◆ Work to be completed
A verbatim copy is needed of the lines below from the one containing "A minimalist kitchen" up to and including the one containing "A modern dining", excluding pictures.

◆ Records for this task
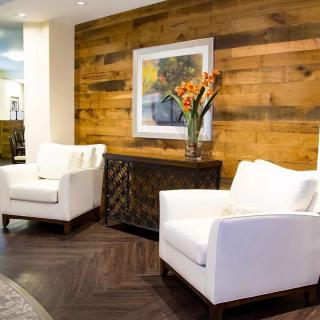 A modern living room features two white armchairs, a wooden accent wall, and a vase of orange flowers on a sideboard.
* * *
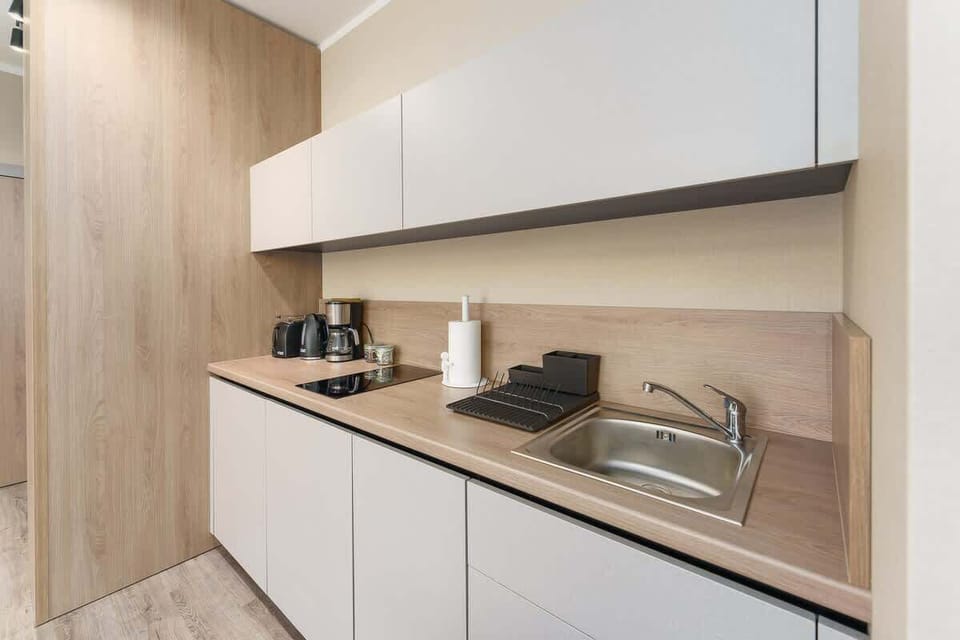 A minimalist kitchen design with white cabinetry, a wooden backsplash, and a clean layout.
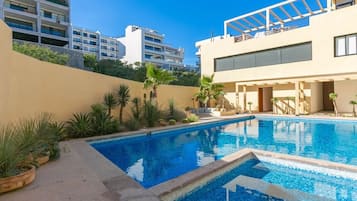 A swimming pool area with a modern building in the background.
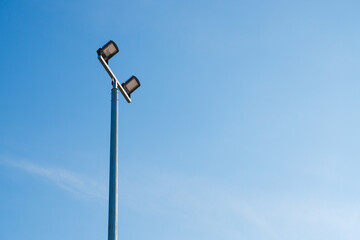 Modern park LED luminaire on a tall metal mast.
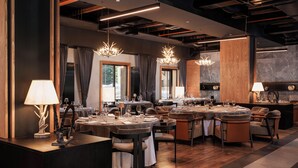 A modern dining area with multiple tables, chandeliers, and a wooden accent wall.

◆ Written answer
 A minimalist kitchen design with white cabinetry, a wooden backsplash, and a clean layout.
 A swimming pool area with a modern building in the background.
 Modern park LED luminaire on a tall metal mast.
 A modern dining area with multiple tables, chandeliers, and a wooden accent wall.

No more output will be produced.